A few final points to correct some points that others have made:
The new contract does not call for a two-tier benefit structure in the traditional sense of that term. Everyone — veteran employees and new hires, digital employees and traditional newsroom employees — will receive the same benefits. Where there will be “two benefits” is that we will get pension benefits from the existing, soon-to-be-frozen pension plan, and we will also get pension benefits from the new Adjustable Pension Plan.
As I understand things, David Herszenhorn isn’t quite right to say that the company’s $300,000 increased contribution toward our health plan will come out of the Guild’s health plan reserves. Under the deal, the Times is to increase its health-care contributions by $3.75 million — $750,000 in 2013, $1.5 million in 2014 and $1.5 million in 2015. That is expected to be more than enough to cover any increased outlays by the Guild-Times health plan. If all of that $3.75 million isn’t used up, then as much as $300,000 of that will go to supplement the Guild’s sagging, lagging dental fund.
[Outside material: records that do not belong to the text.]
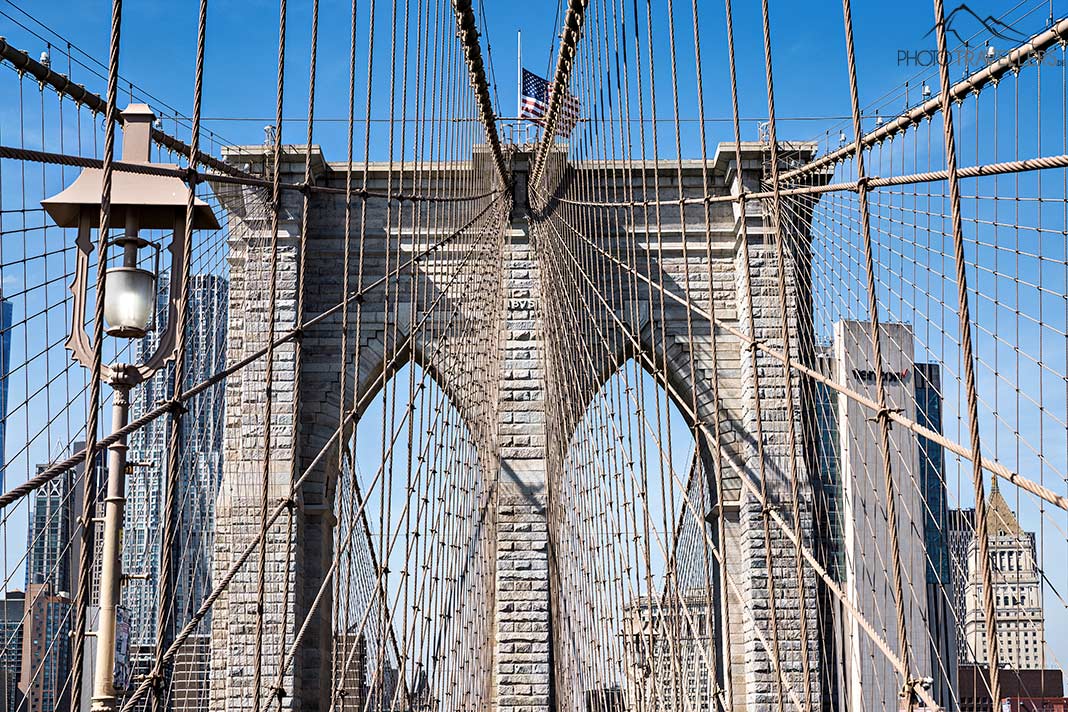 Einer der großen Stützen mit den Stahlseilen der Brooklyn Bridge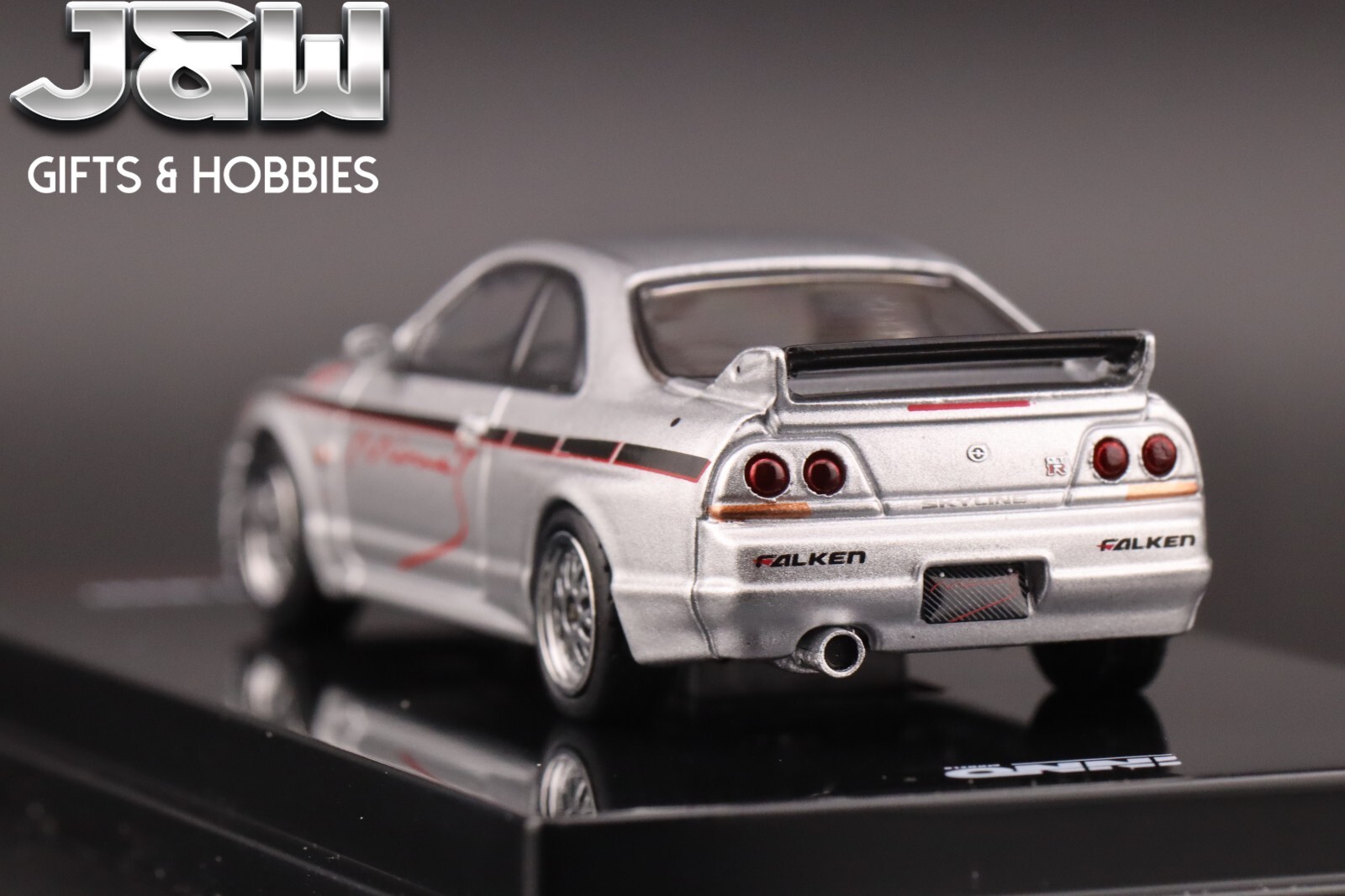 Inno64 Nissan GT-R N1 R33 Tuned By Mines Silver 1/64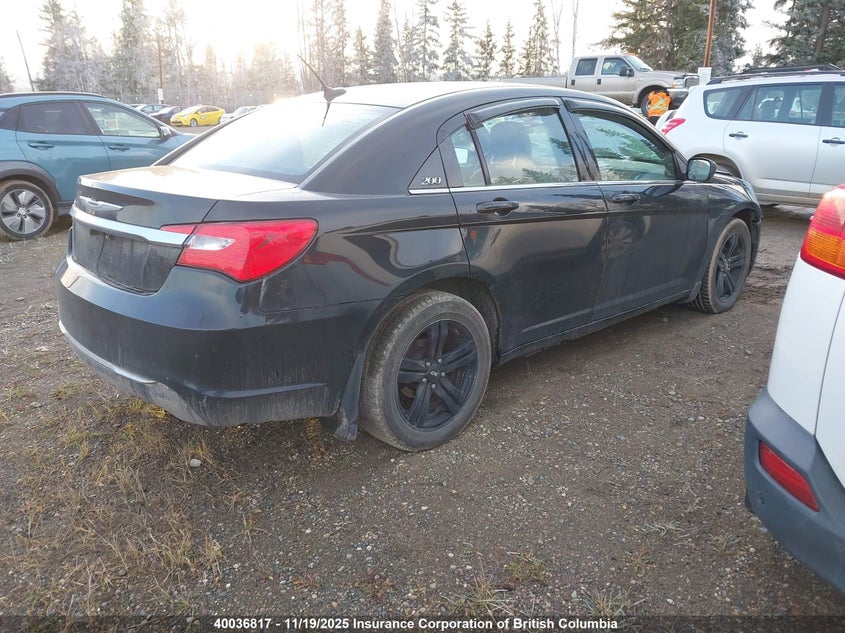 1C3CCBAB5DN696755 2013 CHRYSLER 200 photo no. 4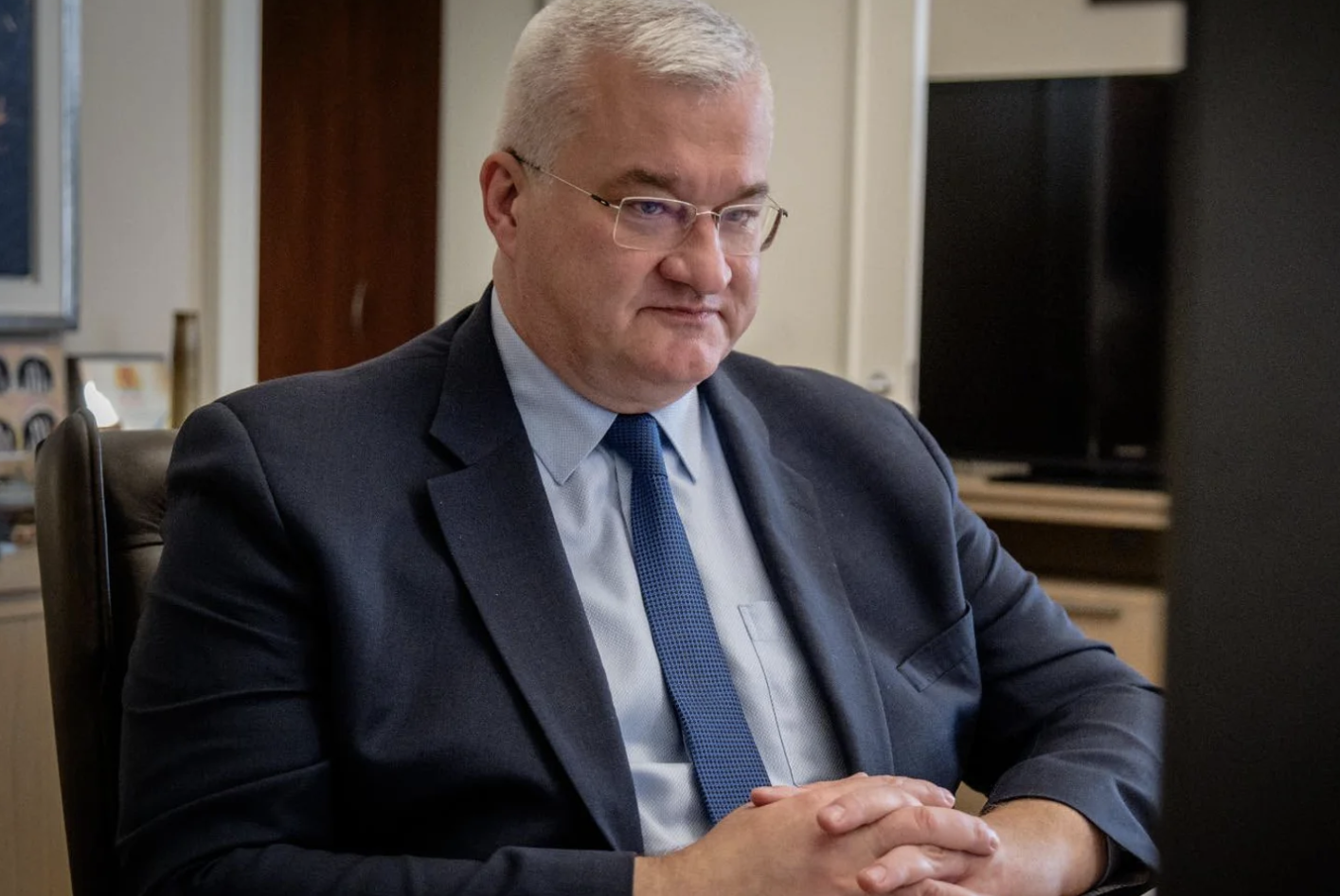 Міністр закордонних справ України Андрій Сибіга повідомив, що президент Володимир Зеленський планує провести ротацію керівників низки закордонних дипломатичних представництв, зокрема у США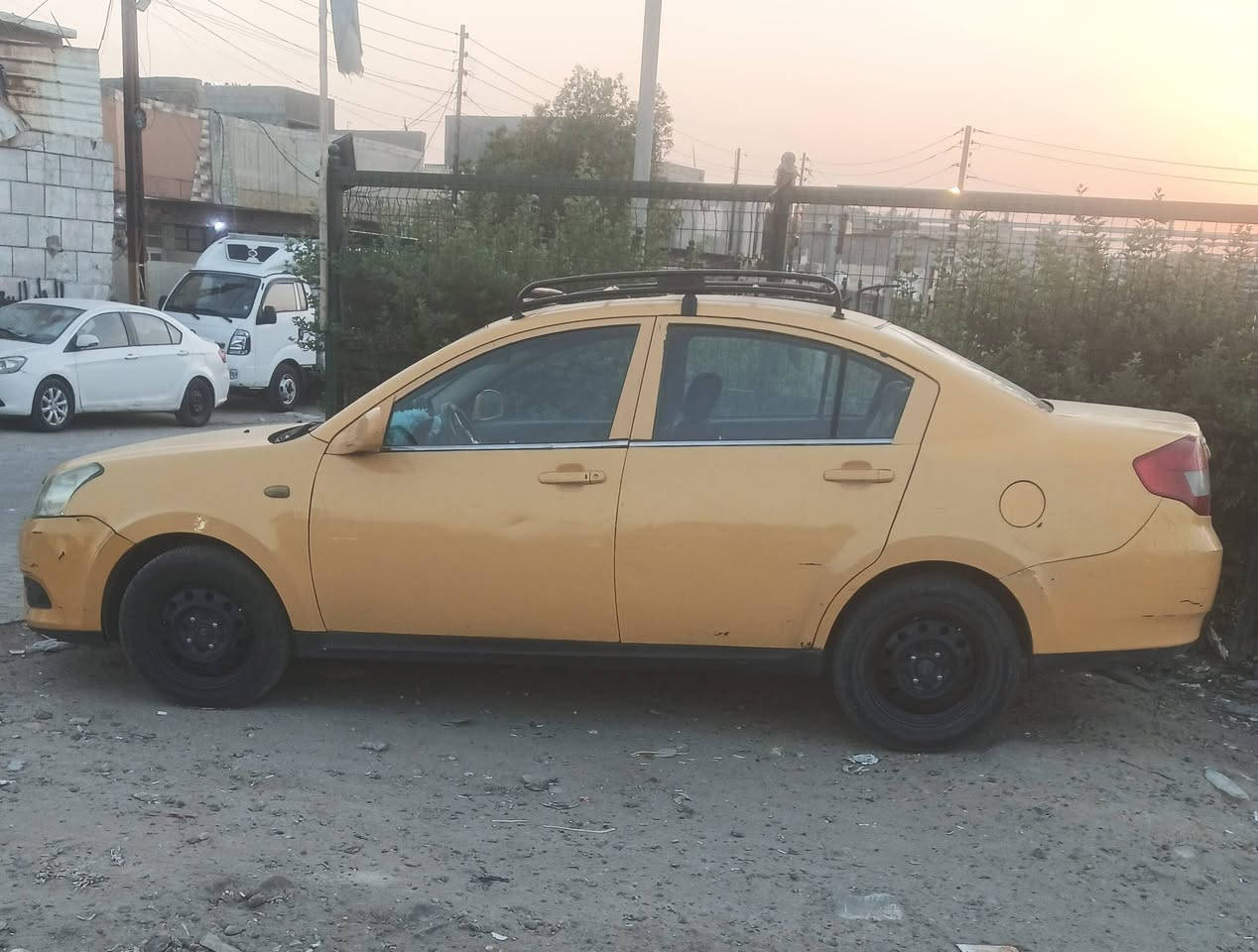 شيري A5 موديل 14 أوتوماتيك محور كير ومحرك كورلا حديث1800 سنوية لل29رقم واسط مشروع وطني تحويل مباشر مصفرة هيئة وغرامات  مابيها ضربة غير طخة مبينة بطرف البنيد 
مرشوشة حزام نتيجة تصليح خياسات بالدوس واطراف البوب  كمبريسر تبريد
 عاطل بيع 35 أو مراوس بخصوصي أوتو
مكانها بغداد رصافة مامتواجد عالفيس تواصل واتساب ***********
With regard to what Matt Wald said about pensions: In a nutshell, the way the Adjustable Pension Plan works is, let’s say your salary is $100,000 and the actuaries declare that this year we will get 1.2 percent of our salaries for our pensions for this year. – That means you will get an annuity of $1,200 just for this year alone when you retire. Well if you work at the Times for 30 years, and the annual annuity percentage averages 1.2 percent of salary (some years it might be 1.1 or 1.3 percent) – then you should, at a minimum, get 30 times $1,200 or $36,000 as your pension. Actually, you would get more than that because the amount one multiplies 1.1% by will increase each year as your salary increases.
Also, if you work 30 years for the NYT — 20 years under the old, frozen pension plan and 10 under the new Adjustable Pension Plan, you will get your 20 years of benefits under the old plan and another 10 years of benefits under the new APP, which we all agree is likely to be somewhat less generous than the frozen pension plan.
Lastly, thanks for all the kind words for members of the negotiating committee. We pushed as hard as we could.